**PROMPT**
Return exactly the lines from the "this 512×384 image." line through the last line of the entries below. Include no pictures.

☆ ☆ ☆ ☆ ☆

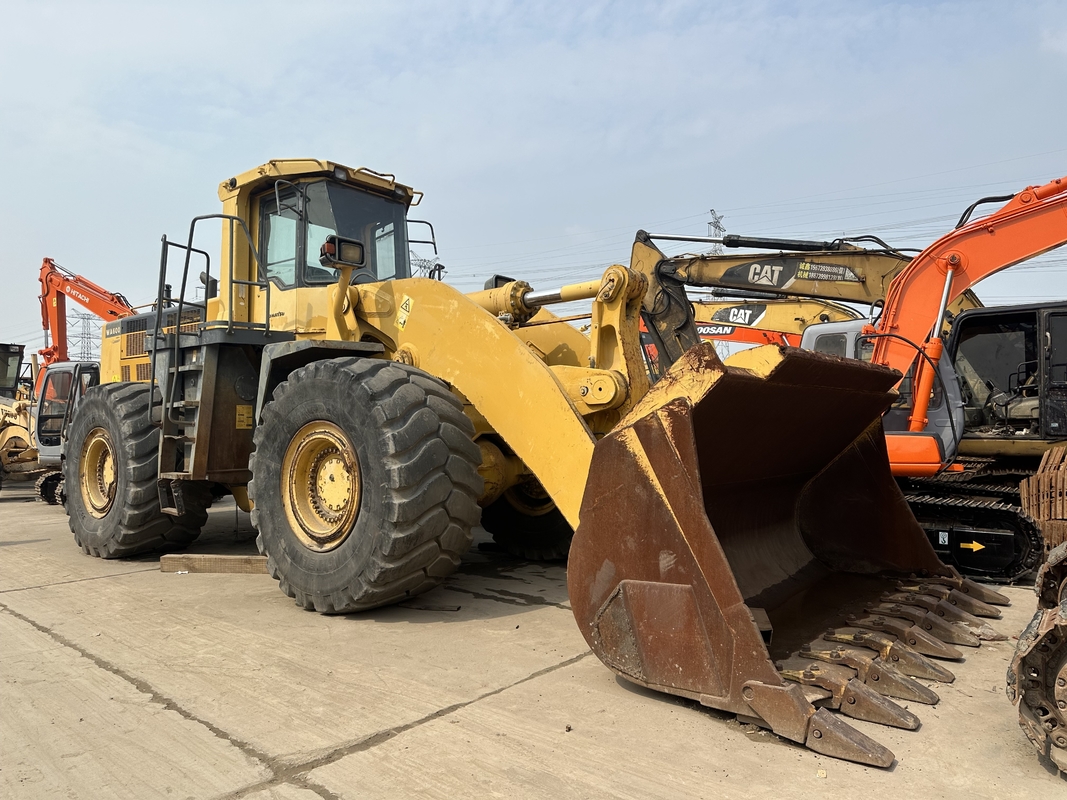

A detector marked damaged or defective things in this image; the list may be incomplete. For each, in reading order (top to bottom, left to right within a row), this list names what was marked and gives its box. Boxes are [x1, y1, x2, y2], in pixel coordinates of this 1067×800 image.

rusty loader bucket [568, 346, 1000, 768]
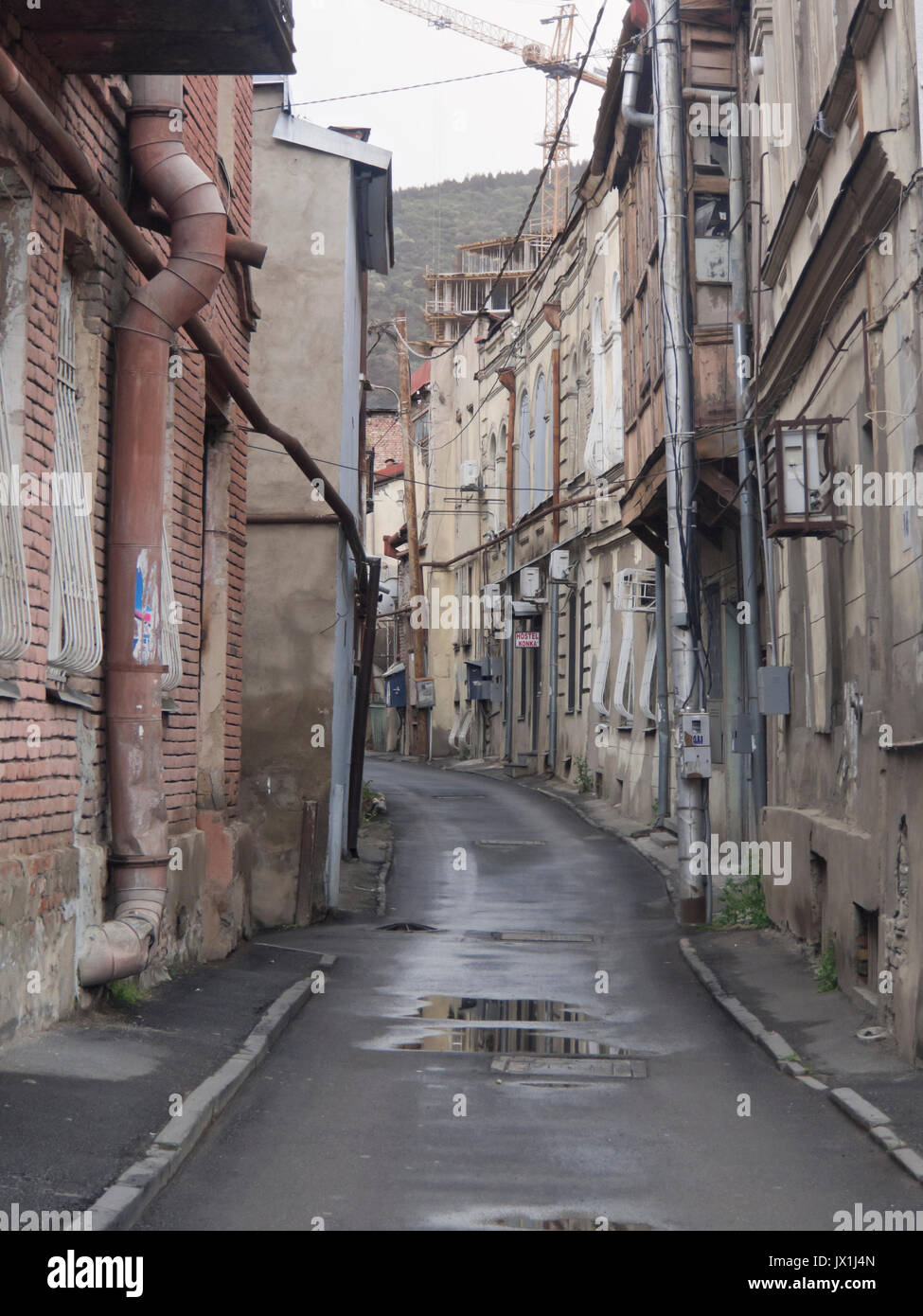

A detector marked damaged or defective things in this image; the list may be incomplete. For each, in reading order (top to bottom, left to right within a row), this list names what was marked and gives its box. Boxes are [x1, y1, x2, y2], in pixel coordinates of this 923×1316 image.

rusty downpipe [78, 77, 224, 984]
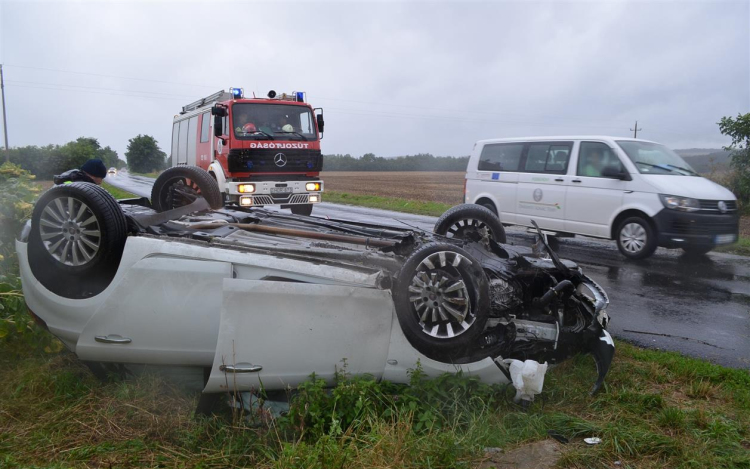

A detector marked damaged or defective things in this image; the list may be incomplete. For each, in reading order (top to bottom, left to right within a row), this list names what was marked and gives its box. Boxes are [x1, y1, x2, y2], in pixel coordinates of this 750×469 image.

overturned white car [16, 165, 616, 402]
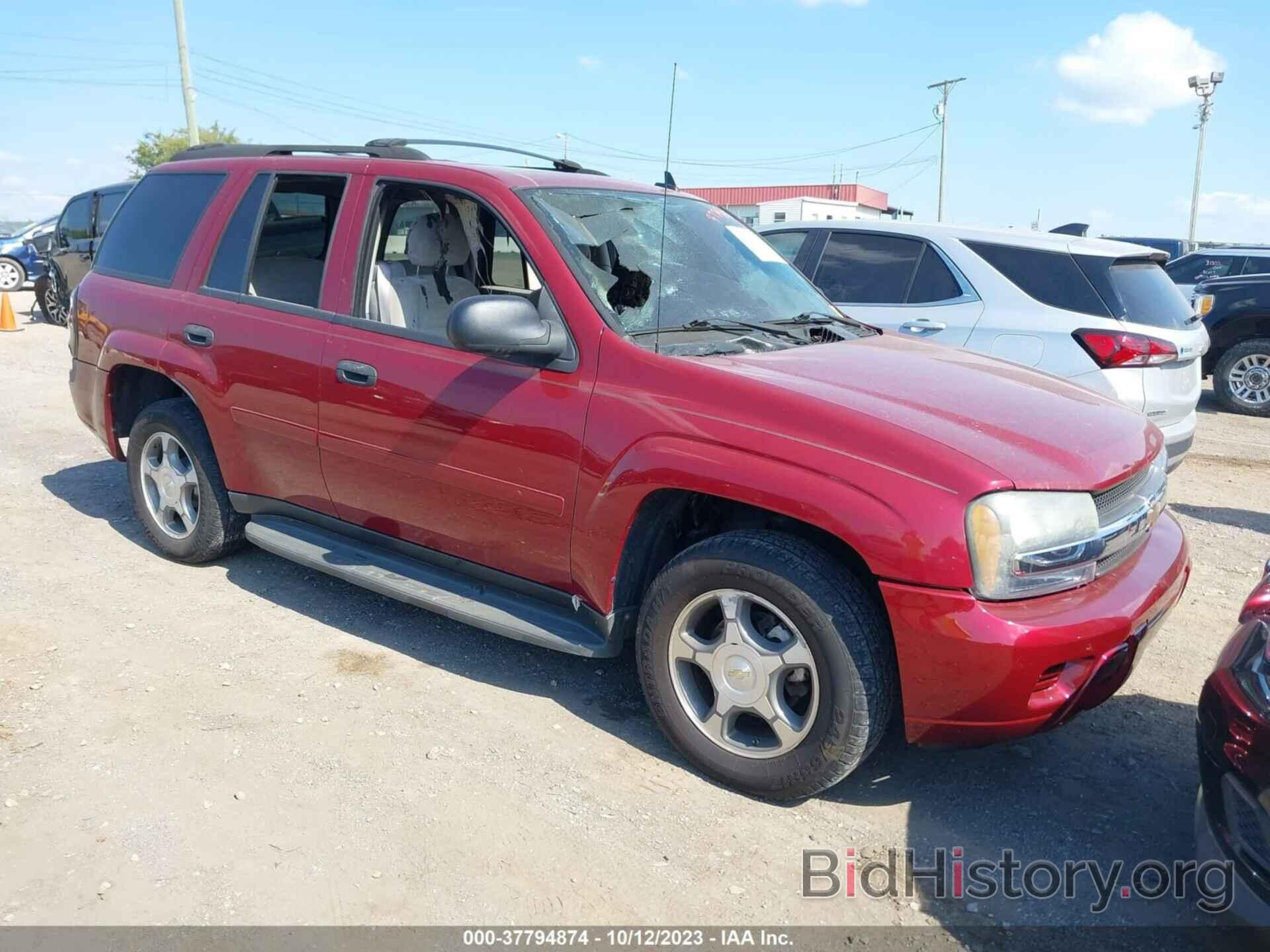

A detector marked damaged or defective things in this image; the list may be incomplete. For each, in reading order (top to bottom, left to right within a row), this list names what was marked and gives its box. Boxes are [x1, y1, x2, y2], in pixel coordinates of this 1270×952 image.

damaged vehicle [62, 139, 1191, 793]
shattered windshield [521, 186, 868, 349]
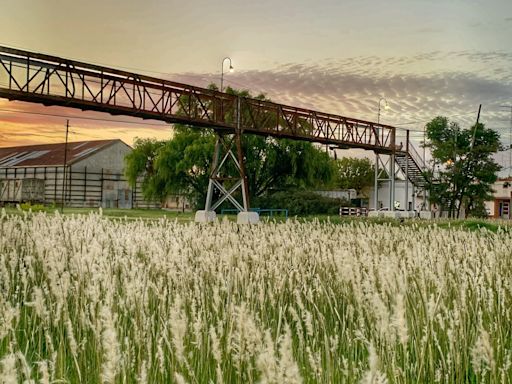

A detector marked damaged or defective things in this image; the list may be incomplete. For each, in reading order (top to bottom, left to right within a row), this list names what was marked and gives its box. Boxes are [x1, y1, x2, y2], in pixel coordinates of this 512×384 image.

rusty steel bridge [0, 45, 426, 220]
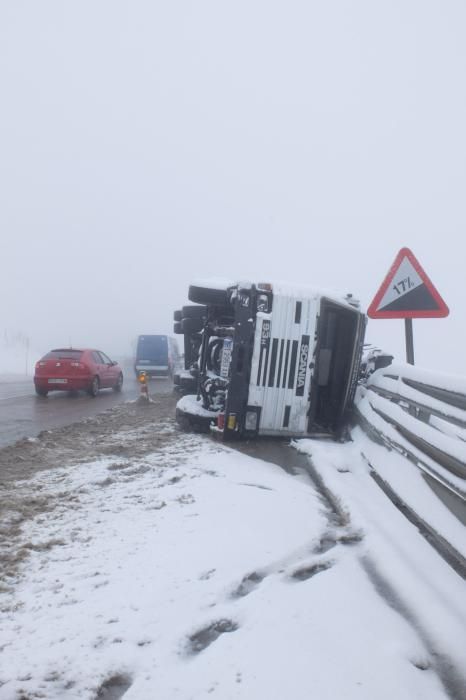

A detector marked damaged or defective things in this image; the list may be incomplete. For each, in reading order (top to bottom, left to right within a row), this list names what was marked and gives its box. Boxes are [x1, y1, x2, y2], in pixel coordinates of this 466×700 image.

overturned truck [174, 280, 368, 440]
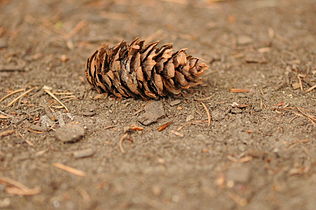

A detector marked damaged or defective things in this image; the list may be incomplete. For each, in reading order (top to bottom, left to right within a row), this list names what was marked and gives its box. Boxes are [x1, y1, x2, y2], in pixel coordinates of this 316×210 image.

damaged pine cone [85, 38, 209, 99]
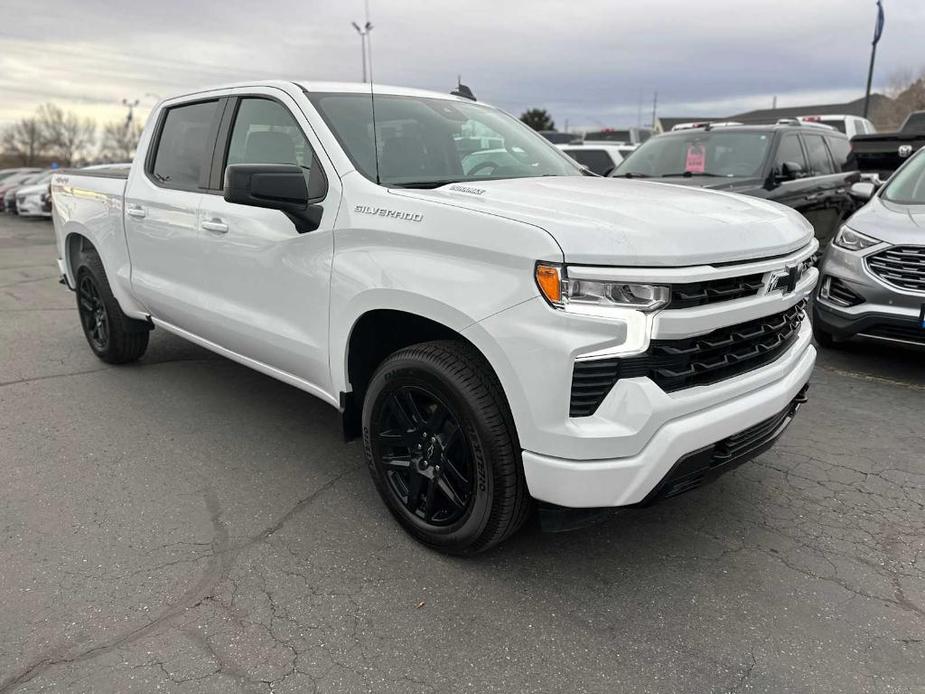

☆ ☆ ☆ ☆ ☆

**THE ANSWER**
A detector marked damaged or defective things in this image; the list may be incomplete. For each, in reading order (top to bottom, left to right within a row), this list names what was marked and gives its box. Boxes are [x1, y1, x2, y2], in pixel coordinates of this 512×384 image.

rusty steel bridge [0, 45, 426, 220]

A detector marked damaged or defective things in this image; the list may be incomplete. For each, in reading order (top to bottom, left to right within a row), this list names what was marked and gives its box. Boxes are [x1, y1, x2, y2], in pixel coordinates of this 466×700 image.

overturned truck [174, 280, 368, 440]

A detector marked damaged or defective things in this image; the list may be incomplete. For each, in reading order (top to bottom, left to right within a row), this list names what was marked and gives its box. Boxes are [x1, y1, x2, y2], in pixel coordinates of this 316×210 image.

damaged pine cone [85, 38, 209, 99]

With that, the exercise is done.